Riverscapes Consortium

Data Warehouses

The Riverscapes Consortium organizes and serves data via data warehouses . These data warehouses provide access to both the underlying data (packaged in riverscapes projects) as well as making these data explorable via warehouse explorers or interactive web maps. We only serve and host data packaged in fully Riverscapes-Compliant Riverscapes Projects .

GOAL

Make it easier to catalog, share, discover and retrieve the products of riverscapes analysis and modelling.

Advantages

The advantages of riverscapes projects being hosted in a data warehouse can include:

NOTE - As of January 2020, we have not made any of the riverscapes warehouses fully public facing as they are still in Beta Testing.

Overview

In this 8 minute video, we show off what these warehouses buy you in terms of housekeeping and reaching broader audiences.


Riverscape Warehouse Concepts

Warehouse Explorer Concept

Part of the advantage of serving and hosting data in a Riverscapes Warehouse is the ability to catalog and index the data so it easily searchable, queried and discoverable.


Eample view of a fully searchable and querable data warehouse.

CHaMP Example

When the Columbia Habitat Monitoring Program (CHaMP) was operational, the program produced an immense amount of raw monitoring data, derivative products, model analysis products, and various outputs. For example, from 2011 to 2017, over 958 sites were monitored for fish habitat producing (ISEMP/CHAMP, 2018)., CHaMP crews conducted over 5000 visits to over 950 sites producing a mountain of monitoring data. All of the visit and topographic data was made available in cm.org. However, the program produced a much richer range of reach scale, network scale and population scale analysis and synthesis products, which cm.org was not designed to accommodate. To test the utility of the Riverscapes Warehouse context, we created a warehouse explorer for the CHaMP Riverscapes Warehouse. Some of its utility is illustrated in the video below.

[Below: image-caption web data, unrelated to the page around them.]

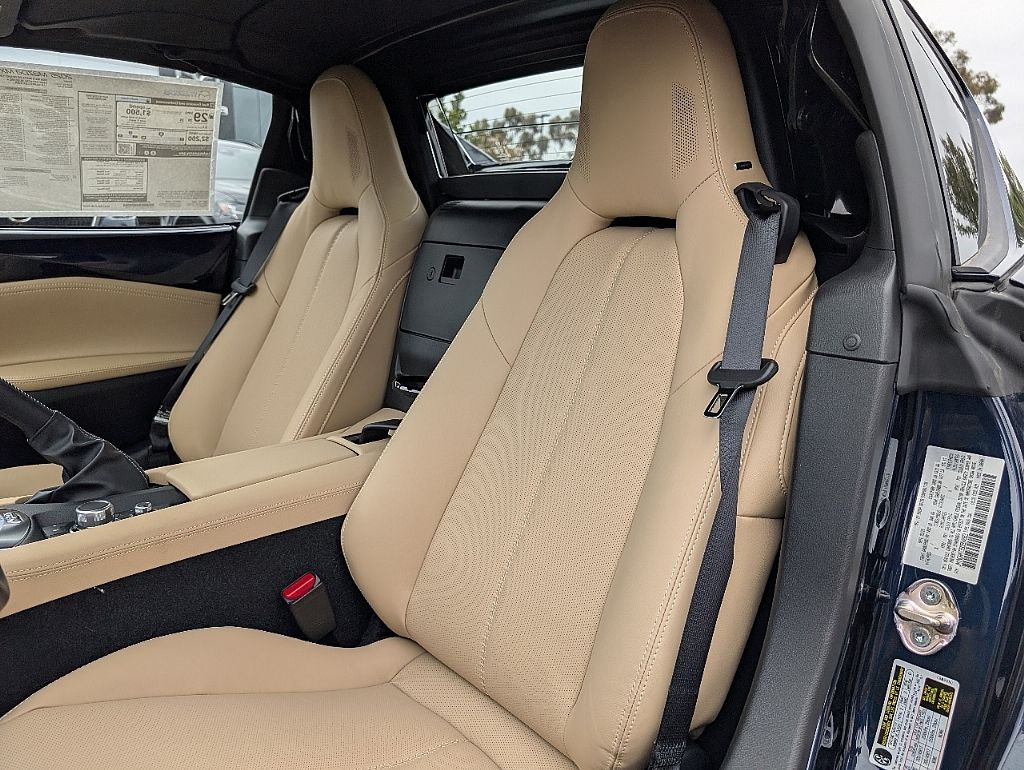 2025 Mazda MX-5 Miata Miata RF Grand Touring photo 18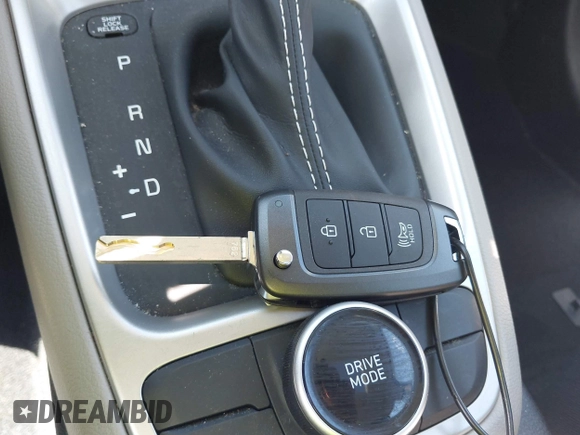 2022 Hyundai Venue SEL with VIN KMHRC8A33NU171505, listed as a IAAI auction lot 42041443 with 37,908 mi miles and . Bid and sale history available at DreamBid. Image 11.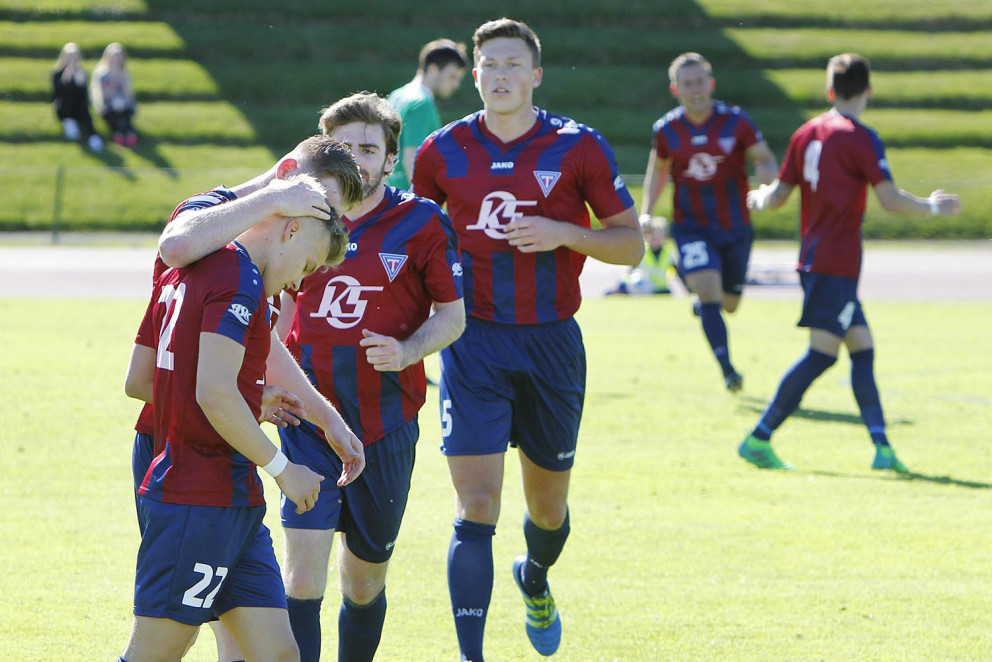 Hólmari Skúlasyni vel fagnað eftir að hafa jafnað leikinn með glæsimarki. MYND: ÓAB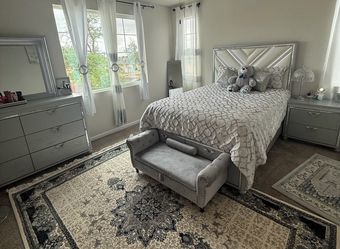 Queen size bed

Video explaining data warehouse concepts and illustrating some of its utility.

Fully-Customizable

Any group or organization can develop their own custom Riverscapes Data Warehouse, and control how and where it is hosted, who can access it, who has what permissions, etc.


Web-Maps

One of the real values in hosting your Riverscapes Projects in a Riverscapes Warehouse , is that web-maps can be produced that allow non-GIS users and non-modelers to interact with riverscape project outputs and explore them. This is an excellent platform to make the outputs of Riverscapes Tools accessible to managers and practitioners to inform riverscape management.

Example of BRAT

The Beaver Restoration Assessment Tool is one of the RC’s more mature network model tools. Thanks to BRAT being refactored to produce Riverscapes Projects , and being hosted in a Riverscapes Warehouse , we can produce interactive web maps like the BETA example below (links externally to map).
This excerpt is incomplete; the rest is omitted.